Liz Wells July 29, 2025

Lucky Bay commenced operation in T-Ports, using the MV Lucky Eyre as the only transhipment vessel of its kind currently operating in Australian waters. Photo: T-Ports

A GRAIN-HANDLING asset unique to South Australia is looking for a new owner as T-Ports comes to the market for the first time.

It comprises two greenfield multi-commodity export sites, Lucky Bay on the western shore of Spencer Gulf, and Wallaroo on its eastern shore, and comes with the MV Lucky Eyre, which transships parcels of grain to ships at anchor in Spencer Gulf.

The T-Ports offering also includes up-country sites at Kimba and Lock, both on Eyre Peninsula.

T-Ports, is the owner and operator of the first new grain ports to be built in 60 years in SA, and since commissioning Lucky Bay in 2019, it has exported more than three million tonnes (Mt) of grain.

After completing its five-year development phase that included the commissioning of its second port at Wallaroo, the business is now capable of exporting 1.2-1.4Mt of grain per annum.

Across its two port facilities and Kimba and Lock sites, T-Ports has a total storage capacity of 1.1Mt, and is supported by a network of more than 500 growers across EP and Yorke Peninsula, both recognised as high-quality wheat, barley, and lentil-producing regions.

The business generates a through-the-cycle EBITDA of $18M-$20M, and other media has reported T-Ports could fetch $250M.

One of its many points of difference is its complete control over its shipping schedules, which significantly reduces demurrage risk and improves throughput efficiency and vessel turnaround times.

After receiving multiple unsolicited approaches over recent months, T-Ports will now run a structured bid process seeking proposals for investment.

“We think that what has been achieved to date is a credit both to the foundational investors and to growers who have responded so positively to the increased competition we have brought to the market,” T-Ports chief executive officer Nathan Kent said.

“Looking to the future, two key areas are emerging as central to our growth strategy: the first is additional infrastructure so we can warehouse more grain of all grades across our catchment; the second is about our potential to move from storage and handling to become a fully integrated service capable of offering highly competitive grain pricing year-round.”

T-Ports CEO Nathan Kent in the PT Bogasari Flour Mills test kitchen in Jakarta on a recent visit to Indonesia.

“This strategic investment process is a really exciting opportunity to further strengthen the T-Ports business in a way that is commercially invaluable to growers and to the wider South Australian grain industry.”
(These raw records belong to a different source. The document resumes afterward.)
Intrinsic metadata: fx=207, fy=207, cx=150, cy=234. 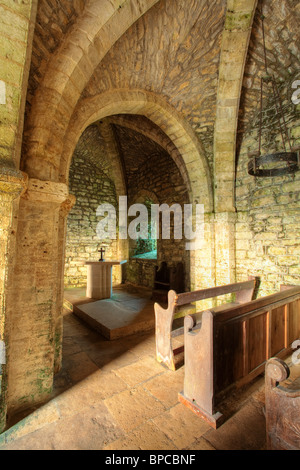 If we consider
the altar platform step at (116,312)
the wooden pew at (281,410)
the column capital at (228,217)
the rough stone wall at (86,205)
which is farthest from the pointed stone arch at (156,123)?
the rough stone wall at (86,205)

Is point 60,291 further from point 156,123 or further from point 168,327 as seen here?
point 156,123

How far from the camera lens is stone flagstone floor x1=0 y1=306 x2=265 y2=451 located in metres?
1.77

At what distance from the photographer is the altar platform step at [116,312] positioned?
3985 millimetres

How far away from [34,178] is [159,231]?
5.11 m

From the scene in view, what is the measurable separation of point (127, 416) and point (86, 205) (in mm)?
7078

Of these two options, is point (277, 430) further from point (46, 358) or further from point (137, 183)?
point (137, 183)

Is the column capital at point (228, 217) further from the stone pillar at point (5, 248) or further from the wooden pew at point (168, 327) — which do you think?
the stone pillar at point (5, 248)

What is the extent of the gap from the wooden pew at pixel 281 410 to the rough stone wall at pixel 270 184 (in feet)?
9.27

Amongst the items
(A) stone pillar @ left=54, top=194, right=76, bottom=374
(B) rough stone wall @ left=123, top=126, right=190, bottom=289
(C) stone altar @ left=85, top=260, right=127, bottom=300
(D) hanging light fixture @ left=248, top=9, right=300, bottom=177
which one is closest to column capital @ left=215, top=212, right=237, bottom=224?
(D) hanging light fixture @ left=248, top=9, right=300, bottom=177

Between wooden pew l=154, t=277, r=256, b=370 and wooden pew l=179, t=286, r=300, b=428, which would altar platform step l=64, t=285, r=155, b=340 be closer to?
wooden pew l=154, t=277, r=256, b=370

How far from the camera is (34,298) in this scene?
2264 millimetres

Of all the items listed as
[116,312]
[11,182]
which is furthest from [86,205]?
[11,182]

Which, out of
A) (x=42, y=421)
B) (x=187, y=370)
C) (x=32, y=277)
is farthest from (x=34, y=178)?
(x=187, y=370) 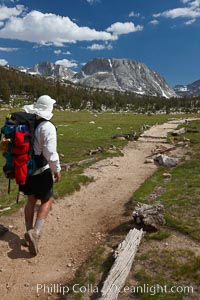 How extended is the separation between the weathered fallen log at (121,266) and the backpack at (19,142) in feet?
10.4

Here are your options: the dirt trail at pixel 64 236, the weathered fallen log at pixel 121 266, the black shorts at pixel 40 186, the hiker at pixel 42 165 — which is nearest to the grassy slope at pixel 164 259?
the weathered fallen log at pixel 121 266

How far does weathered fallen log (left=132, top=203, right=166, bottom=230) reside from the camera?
985cm

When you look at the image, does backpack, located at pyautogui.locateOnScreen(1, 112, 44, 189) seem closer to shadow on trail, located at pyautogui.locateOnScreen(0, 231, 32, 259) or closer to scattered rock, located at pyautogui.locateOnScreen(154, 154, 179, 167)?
shadow on trail, located at pyautogui.locateOnScreen(0, 231, 32, 259)

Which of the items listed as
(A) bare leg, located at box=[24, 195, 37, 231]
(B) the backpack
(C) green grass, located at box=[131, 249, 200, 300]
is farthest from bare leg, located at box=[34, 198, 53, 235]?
(C) green grass, located at box=[131, 249, 200, 300]

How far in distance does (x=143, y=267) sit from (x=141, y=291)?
1007 mm

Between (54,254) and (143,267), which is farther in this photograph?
(54,254)

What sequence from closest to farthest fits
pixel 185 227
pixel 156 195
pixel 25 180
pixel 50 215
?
pixel 25 180 < pixel 185 227 < pixel 50 215 < pixel 156 195

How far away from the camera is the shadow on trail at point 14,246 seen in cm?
869

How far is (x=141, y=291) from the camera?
22.7 ft

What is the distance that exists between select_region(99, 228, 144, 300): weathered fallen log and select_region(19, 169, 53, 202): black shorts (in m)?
2.53

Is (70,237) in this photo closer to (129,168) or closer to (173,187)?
(173,187)

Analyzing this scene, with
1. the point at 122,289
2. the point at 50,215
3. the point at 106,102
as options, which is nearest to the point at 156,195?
the point at 50,215

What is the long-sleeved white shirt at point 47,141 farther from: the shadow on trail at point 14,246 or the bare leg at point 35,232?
the shadow on trail at point 14,246

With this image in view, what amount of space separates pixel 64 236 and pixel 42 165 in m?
3.00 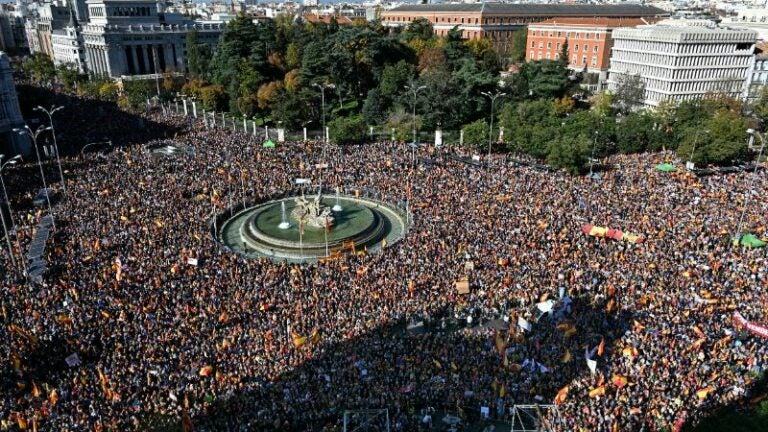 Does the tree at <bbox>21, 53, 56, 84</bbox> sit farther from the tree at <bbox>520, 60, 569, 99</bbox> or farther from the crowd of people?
the tree at <bbox>520, 60, 569, 99</bbox>

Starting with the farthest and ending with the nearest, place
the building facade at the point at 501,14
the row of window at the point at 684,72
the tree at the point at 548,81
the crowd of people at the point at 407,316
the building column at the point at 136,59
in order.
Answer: the building column at the point at 136,59
the building facade at the point at 501,14
the row of window at the point at 684,72
the tree at the point at 548,81
the crowd of people at the point at 407,316

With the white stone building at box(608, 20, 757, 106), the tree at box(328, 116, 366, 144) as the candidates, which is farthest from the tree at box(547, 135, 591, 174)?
the white stone building at box(608, 20, 757, 106)

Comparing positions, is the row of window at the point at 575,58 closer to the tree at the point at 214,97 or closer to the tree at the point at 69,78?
the tree at the point at 214,97

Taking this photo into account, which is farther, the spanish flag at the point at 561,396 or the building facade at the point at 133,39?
the building facade at the point at 133,39

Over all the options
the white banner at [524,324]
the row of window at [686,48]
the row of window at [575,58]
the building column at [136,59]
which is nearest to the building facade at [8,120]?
the white banner at [524,324]

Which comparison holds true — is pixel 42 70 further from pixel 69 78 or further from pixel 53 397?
pixel 53 397

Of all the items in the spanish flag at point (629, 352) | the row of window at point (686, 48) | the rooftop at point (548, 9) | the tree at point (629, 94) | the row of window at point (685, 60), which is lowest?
the spanish flag at point (629, 352)

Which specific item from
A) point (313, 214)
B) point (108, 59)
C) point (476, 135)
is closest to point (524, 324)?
point (313, 214) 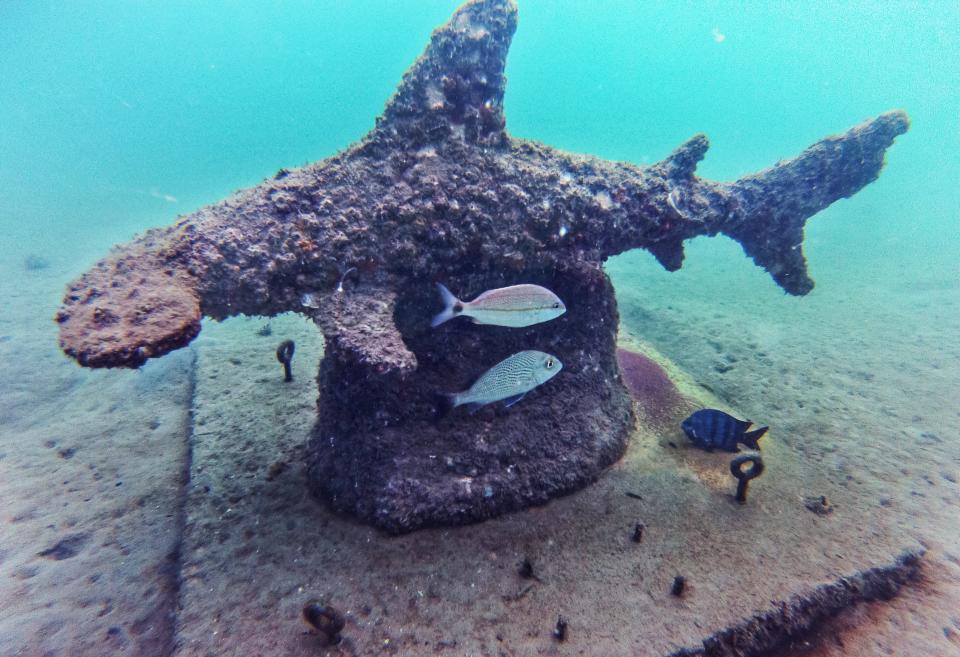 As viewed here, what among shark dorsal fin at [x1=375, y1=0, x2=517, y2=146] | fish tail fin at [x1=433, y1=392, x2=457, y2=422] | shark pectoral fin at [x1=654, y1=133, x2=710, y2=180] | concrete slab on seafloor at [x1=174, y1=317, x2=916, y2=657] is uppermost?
shark dorsal fin at [x1=375, y1=0, x2=517, y2=146]

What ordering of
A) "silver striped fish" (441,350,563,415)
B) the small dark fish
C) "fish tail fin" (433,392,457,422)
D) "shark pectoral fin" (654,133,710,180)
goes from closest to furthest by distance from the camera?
1. "silver striped fish" (441,350,563,415)
2. "fish tail fin" (433,392,457,422)
3. the small dark fish
4. "shark pectoral fin" (654,133,710,180)

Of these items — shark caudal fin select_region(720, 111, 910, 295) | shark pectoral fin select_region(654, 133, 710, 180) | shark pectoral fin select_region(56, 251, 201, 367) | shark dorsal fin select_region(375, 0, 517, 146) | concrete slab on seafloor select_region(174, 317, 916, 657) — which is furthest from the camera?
shark caudal fin select_region(720, 111, 910, 295)

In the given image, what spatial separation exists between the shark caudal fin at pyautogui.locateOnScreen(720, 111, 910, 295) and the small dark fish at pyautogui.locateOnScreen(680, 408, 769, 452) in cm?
252

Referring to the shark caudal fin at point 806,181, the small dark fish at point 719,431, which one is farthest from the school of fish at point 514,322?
the shark caudal fin at point 806,181

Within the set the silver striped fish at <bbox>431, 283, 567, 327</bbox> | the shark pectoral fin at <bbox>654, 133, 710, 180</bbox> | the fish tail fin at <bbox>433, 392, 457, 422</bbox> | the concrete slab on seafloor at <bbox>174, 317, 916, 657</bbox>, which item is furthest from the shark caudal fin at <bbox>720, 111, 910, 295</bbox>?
the fish tail fin at <bbox>433, 392, 457, 422</bbox>

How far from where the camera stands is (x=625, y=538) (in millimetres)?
3492

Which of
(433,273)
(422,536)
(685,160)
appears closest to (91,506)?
(422,536)

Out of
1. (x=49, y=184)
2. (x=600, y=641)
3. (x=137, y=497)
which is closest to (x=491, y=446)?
(x=600, y=641)

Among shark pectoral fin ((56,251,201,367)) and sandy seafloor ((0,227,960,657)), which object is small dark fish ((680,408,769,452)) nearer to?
sandy seafloor ((0,227,960,657))

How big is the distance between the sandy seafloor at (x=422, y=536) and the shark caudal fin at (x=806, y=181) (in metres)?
2.51

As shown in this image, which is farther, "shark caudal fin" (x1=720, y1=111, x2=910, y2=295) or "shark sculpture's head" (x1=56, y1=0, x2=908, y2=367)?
"shark caudal fin" (x1=720, y1=111, x2=910, y2=295)

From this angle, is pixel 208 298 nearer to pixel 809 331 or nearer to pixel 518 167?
pixel 518 167

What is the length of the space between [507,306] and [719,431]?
3.13 metres

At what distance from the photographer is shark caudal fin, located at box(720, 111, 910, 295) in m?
5.47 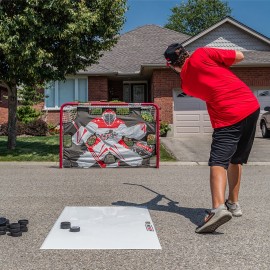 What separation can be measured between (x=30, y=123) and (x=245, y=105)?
720 inches

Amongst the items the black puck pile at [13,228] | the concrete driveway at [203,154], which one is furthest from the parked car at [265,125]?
the black puck pile at [13,228]

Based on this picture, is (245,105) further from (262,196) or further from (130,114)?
(130,114)

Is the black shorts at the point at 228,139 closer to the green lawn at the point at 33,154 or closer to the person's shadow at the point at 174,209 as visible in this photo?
the person's shadow at the point at 174,209

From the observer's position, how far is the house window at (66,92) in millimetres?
24734

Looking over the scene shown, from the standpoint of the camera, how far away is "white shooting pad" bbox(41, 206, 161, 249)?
408 centimetres

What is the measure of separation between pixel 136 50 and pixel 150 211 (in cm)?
2330

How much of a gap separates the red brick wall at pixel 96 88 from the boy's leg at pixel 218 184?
809 inches

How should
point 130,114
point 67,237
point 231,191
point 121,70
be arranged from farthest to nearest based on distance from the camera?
point 121,70
point 130,114
point 231,191
point 67,237

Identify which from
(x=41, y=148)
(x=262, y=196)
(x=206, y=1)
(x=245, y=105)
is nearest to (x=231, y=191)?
(x=245, y=105)

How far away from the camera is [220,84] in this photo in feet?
15.5

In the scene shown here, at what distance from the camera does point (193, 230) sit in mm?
4664

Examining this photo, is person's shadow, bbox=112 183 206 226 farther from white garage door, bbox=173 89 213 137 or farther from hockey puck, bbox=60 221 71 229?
white garage door, bbox=173 89 213 137

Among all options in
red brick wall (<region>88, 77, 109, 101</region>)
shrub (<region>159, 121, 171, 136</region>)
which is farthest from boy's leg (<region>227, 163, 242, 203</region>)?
red brick wall (<region>88, 77, 109, 101</region>)

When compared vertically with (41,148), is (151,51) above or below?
above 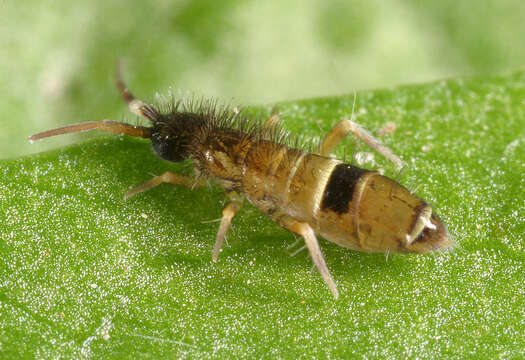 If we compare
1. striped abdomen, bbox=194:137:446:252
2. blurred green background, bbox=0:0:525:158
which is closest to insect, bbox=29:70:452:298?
striped abdomen, bbox=194:137:446:252

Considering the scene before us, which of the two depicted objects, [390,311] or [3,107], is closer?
[390,311]

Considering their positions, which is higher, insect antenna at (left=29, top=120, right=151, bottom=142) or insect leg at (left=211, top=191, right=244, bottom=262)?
insect antenna at (left=29, top=120, right=151, bottom=142)

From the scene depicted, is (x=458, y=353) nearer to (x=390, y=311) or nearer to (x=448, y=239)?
(x=390, y=311)

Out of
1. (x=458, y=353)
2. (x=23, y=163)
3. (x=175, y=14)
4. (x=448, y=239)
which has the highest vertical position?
(x=175, y=14)

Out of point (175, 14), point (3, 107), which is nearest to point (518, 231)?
point (175, 14)

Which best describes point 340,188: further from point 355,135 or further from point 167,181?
point 167,181

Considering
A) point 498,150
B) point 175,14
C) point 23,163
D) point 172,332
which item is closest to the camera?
point 172,332

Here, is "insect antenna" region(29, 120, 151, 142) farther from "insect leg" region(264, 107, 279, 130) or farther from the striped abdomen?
"insect leg" region(264, 107, 279, 130)

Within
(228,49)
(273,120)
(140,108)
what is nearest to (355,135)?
(273,120) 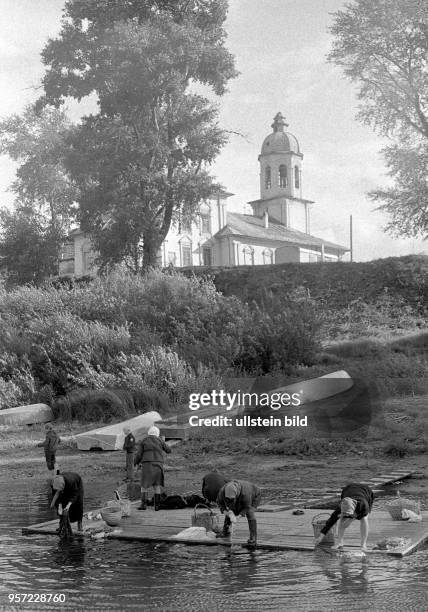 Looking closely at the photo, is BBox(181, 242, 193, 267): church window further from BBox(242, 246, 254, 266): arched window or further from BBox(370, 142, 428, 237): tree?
BBox(370, 142, 428, 237): tree

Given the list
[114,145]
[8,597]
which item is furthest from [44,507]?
[114,145]

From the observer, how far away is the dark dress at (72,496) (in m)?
13.5

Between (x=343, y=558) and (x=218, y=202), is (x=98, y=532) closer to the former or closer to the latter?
(x=343, y=558)

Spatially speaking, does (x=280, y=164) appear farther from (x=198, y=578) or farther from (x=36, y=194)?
(x=198, y=578)

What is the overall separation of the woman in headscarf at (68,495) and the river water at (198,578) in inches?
20.1

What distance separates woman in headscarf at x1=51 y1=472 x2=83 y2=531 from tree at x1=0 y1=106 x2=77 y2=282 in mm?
41275

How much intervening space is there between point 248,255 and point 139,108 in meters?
33.3

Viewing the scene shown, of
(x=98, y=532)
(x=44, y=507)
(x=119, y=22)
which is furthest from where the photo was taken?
(x=119, y=22)

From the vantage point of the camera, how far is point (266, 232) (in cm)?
8094

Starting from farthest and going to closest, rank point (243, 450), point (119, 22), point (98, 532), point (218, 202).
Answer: point (218, 202), point (119, 22), point (243, 450), point (98, 532)

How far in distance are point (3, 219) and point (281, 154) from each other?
4716 centimetres

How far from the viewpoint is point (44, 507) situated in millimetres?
16625

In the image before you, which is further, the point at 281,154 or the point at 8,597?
the point at 281,154

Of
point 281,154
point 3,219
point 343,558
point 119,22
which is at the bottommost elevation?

The board of T-Ports has engaged Nash Advisory to lead the reinvestment process, led by Tom Butler and Lachlan Posar and assisted by Harry Bahr and Jock Mitchell.

Mr Butler has a strong background in ports and logistics, having worked for global port and logistics operator DP World within the M&A and origination team, and an information memorandum covering the entire T-Ports portfolio will be shared with select parties in the coming days.

Mr Butler said T-Ports being a “core-plus infrastructure” asset is expected to see it generate significant interest from a diverse pool of investors including commodity/grain traders, private equity firms, sovereign wealth funds, and infrastructure or supply-chain specialists.

“This represents a unique opportunity, given T-Ports’ vertically integrated model, with end-to-end ownership of infrastructure from inland terminals to portside operations and maritime-export capability,” Mr Butler said.

“This level of vertical integration is exceptionally valuable and underpins the business’s operational efficiency and competitive positioning.”

Grain and lentil production on EP and YP has been mixed in recent years, with rain in the past week brightening yield prospects no end for its growers.

T-Ports is widely acknowledged as having brought beneficial competition to YP and EP growers, who could previously  only export from both peninsulas via Viterra terminals.